“I am creating an Elgg network and I am expecting 10 million users, can it cope?”

This question gets asked in one form or another almost every week, but I believe this is the wrong question to be asking. Perhaps the more pertinent scalability question is:

“I am creating an Elgg network, how do I attract 10 million users?”

This is by far the hardest question to answer and it must be solved before you can seriously address the comparatively simple task of hardware and software scalability.

Attracting users can be accomplished in many ways but it is mainly a matter of marketing, and of course to have a killer idea. As Ben discussed in his presentation at the recent Elgg Conference, this idea must be as useful to user 1 as user 10 million.

The idea has to be solid from day one,  so forget all the trendy “long tail” and “wisdom of crowds” buzzwords!

Once you manage to solve this most tricky of problems, you can begin to look at the infrastructure. So, can Elgg handle 10 million users out of the box?

Simply, no script in the world can handle this level of usage straight away without some modification and a serious investment in both time and money. You will not be able to unpack Elgg on a cheap shared host and have it handle 10 million users.

This is not an issue with Elgg’s design (which actually lends itself to many scalability techniques), but simple realism. Elgg has had substantial work done on scalability and optimisation – reducing queries, caching etc – and currently performs very well page for page against competitors like Ning and Buddypress.
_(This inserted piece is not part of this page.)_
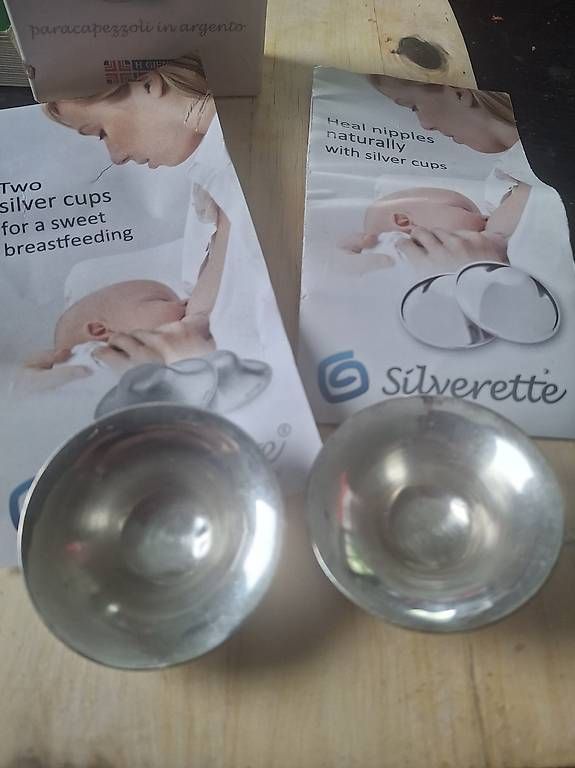 Accessori per l’allattamento: Silverette coupelles argent allaitement  – Usato da St-Cergue venduto da ste_bjn2 2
Asking how many users an Elgg install can support is also a pointless question, because the answer is always going to be “it depends”. How many users Elgg can support depends on your hardware, your host (shared or dedicated), your database server, how your users behave and how many of them are active at any given time.
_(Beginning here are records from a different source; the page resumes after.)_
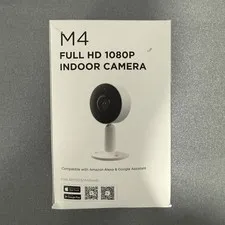 Laxihub M4 Smart Indoor Camera, 1080p Resolution, Mountable 360 NEW UNUSED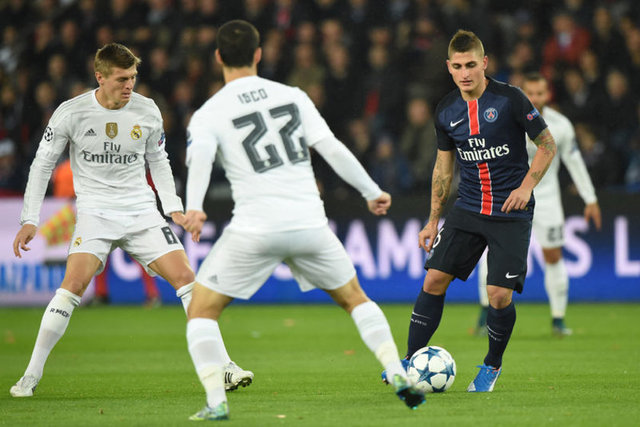 26 - Marco Verratti - PSG - 52 milyon Euro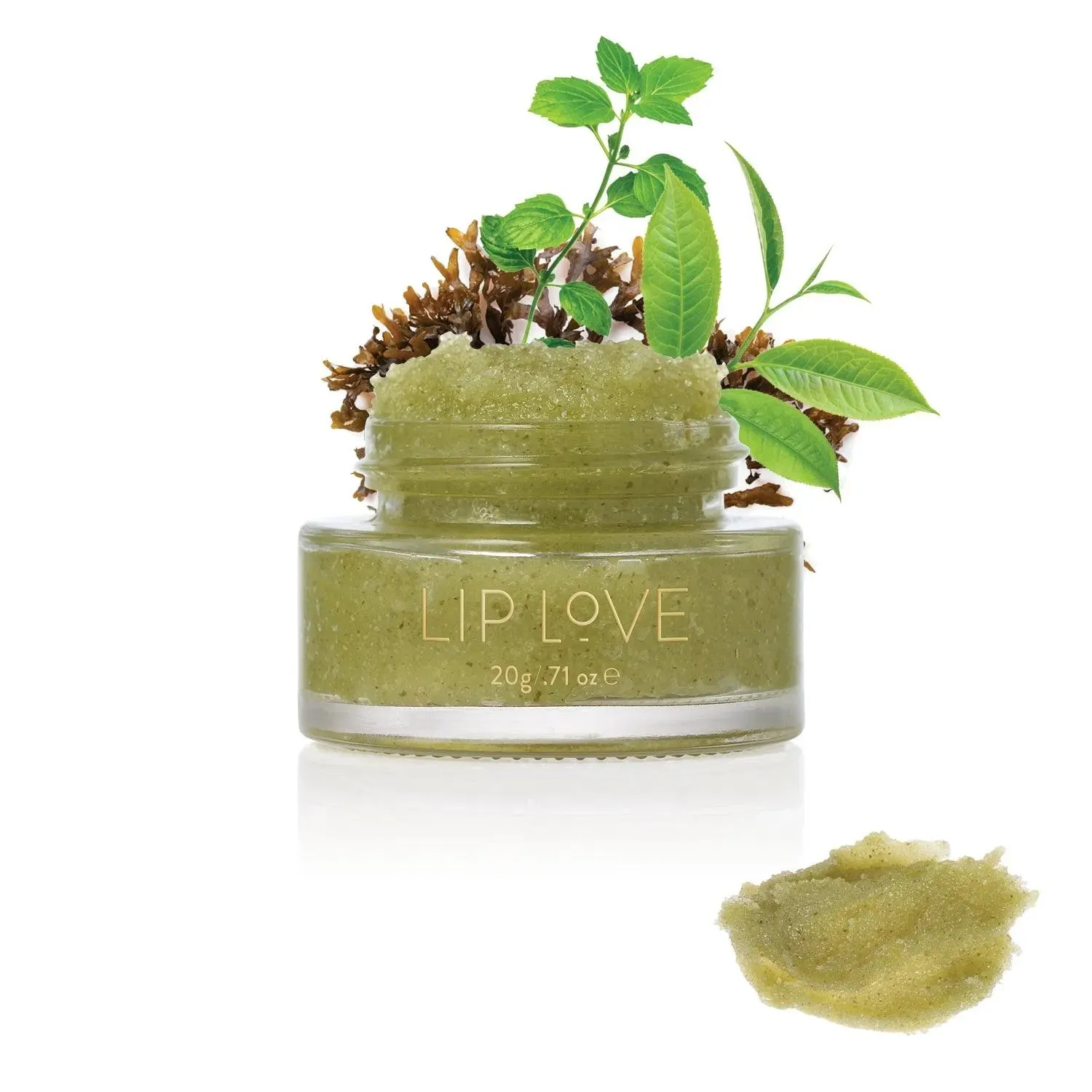 Supergreens Lip Scrub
So what should you pay attention to?

Elgg itself is fairly optimal, and will improve over time. If you are dealing with millions of user you will be wanting to look at your server infrastructure – database server, bandwidth, memory, caching at every level. After this you can look at customised code to squeeze out the last percentage points of performance.

If you are serious about handling high load there is no avoiding the need to spend some time and money investing in your infrastructure. But, these are good problems to have, because it means that you have a successful network!

So in conclusion, my answer to the scalability question is “Don’t worry about it until you have to worry about it!”, get your users in first. Make a killer service that is useful from day one, and then worry about how you will handle millions of concurrent users.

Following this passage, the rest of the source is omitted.